Despite her attacks, she said people should "give Liz some space".
“She is very aware she has made some big mistakes over the past few weeks," she said.
"It wasn’t her mistake that Conservative MPs removed Boris Johnson. But to remove his policies as well is a mistake.
“That was our mandate, our deal with the voters. Removing a prime minister and the policies people voted for less than three years ago is a troubling precedent to set in a democracy.”
The ferocity of her attacks have raised eyebrows among Ms Truss's supporters, after she backed the PM in the leadership contest over the summer.
"I'm not certain we can take her too seriously on this front, she has allowed her personal loyalty to Boris to overshadow everything else," one backbench MP told The Telegraph.
Despite near-unprecedented levels of acrimony, Tory chairman Jake Berry claimed the party had had a "positive" conference.
He told LBC: "We had a good positive conference.
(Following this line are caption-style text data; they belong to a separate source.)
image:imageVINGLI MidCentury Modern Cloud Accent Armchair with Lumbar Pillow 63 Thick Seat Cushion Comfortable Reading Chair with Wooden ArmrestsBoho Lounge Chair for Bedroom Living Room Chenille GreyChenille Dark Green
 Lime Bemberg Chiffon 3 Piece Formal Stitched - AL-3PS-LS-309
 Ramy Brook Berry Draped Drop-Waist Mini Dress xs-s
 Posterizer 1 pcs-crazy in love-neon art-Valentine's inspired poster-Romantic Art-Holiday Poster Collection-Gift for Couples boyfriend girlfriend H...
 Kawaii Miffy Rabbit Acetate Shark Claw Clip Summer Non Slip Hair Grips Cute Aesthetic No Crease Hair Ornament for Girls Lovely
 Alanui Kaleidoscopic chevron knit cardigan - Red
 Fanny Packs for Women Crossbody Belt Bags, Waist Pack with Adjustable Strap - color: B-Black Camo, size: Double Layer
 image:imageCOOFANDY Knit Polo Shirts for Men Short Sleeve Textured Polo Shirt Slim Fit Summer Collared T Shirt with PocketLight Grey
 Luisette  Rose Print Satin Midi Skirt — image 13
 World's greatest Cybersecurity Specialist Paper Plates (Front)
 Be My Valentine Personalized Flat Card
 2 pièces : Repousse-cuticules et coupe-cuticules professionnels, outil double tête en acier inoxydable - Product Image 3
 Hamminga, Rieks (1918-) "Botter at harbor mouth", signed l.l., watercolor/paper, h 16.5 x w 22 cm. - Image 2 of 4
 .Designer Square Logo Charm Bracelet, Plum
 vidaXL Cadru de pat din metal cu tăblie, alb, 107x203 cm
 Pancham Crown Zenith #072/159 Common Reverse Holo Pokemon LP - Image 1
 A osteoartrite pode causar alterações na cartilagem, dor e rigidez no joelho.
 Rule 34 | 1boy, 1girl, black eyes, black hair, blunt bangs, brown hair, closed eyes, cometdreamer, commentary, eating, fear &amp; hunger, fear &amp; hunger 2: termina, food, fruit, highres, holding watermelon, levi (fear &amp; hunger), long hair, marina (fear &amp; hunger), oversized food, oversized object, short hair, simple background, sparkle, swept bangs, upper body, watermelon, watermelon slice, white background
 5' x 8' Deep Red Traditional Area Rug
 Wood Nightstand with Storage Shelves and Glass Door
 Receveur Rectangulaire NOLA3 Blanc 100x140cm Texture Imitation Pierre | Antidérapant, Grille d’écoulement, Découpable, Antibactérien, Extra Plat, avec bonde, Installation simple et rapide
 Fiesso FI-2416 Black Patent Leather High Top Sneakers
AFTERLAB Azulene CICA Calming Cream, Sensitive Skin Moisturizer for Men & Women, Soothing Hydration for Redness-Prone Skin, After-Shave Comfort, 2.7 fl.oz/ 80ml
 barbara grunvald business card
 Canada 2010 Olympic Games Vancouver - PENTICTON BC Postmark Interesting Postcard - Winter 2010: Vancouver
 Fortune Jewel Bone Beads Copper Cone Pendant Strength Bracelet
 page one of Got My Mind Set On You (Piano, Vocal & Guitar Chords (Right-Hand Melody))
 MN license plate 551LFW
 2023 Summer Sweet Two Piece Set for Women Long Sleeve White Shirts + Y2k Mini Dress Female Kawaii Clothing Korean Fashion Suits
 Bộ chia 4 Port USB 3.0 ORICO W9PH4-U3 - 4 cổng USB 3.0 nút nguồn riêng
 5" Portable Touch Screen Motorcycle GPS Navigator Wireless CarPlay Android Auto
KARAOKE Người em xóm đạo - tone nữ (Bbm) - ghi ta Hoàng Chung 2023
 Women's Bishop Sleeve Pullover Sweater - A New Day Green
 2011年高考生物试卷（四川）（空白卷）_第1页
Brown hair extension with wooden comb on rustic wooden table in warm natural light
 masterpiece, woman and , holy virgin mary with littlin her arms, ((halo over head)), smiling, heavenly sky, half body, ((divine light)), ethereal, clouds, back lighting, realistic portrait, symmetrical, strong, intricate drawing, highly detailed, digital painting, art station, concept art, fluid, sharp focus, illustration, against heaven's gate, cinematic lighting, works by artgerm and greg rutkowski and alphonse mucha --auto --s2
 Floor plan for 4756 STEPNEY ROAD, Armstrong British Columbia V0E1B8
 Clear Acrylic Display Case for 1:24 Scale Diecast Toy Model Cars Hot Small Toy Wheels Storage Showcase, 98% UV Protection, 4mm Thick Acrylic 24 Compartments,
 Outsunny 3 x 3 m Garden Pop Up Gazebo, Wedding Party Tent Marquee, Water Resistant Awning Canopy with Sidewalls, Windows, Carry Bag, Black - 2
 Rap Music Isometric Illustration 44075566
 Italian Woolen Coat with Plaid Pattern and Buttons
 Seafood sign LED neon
I mean, it's my first one as chairman, so I can't reflect on being chairman at any other.
"But if you talk to delegates there, I think everyone had a good time, people were safe, people enjoyed the policy debates that we had."
He said he did not "understand" or "agree with" some of Ms Dorries' comments.
He said: "I must admit (I am) quite good friends with Nadine and I think she's a very fine individual and a very fine Conservative, but quite a lot of what we have done hasn't been just about cutting people's taxes - though of course people are getting the cut in income tax.
"Quite a lot of it is, you know, action on energy bills. I'm not sure that Nadine Dorries would like to see, you know, energy bills go up to £6,000 per household because of the action we have taken. They will now on average be £2,500."